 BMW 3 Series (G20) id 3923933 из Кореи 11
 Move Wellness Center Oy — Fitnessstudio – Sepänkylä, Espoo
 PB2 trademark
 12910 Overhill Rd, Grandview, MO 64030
##############################
Type out the full listing again, exactly as given.

 BMW 3 Series (G20) id 3923933 из Кореи 11
 Move Wellness Center Oy — Fitnessstudio – Sepänkylä, Espoo
 PB2 trademark
 12910 Overhill Rd, Grandview, MO 64030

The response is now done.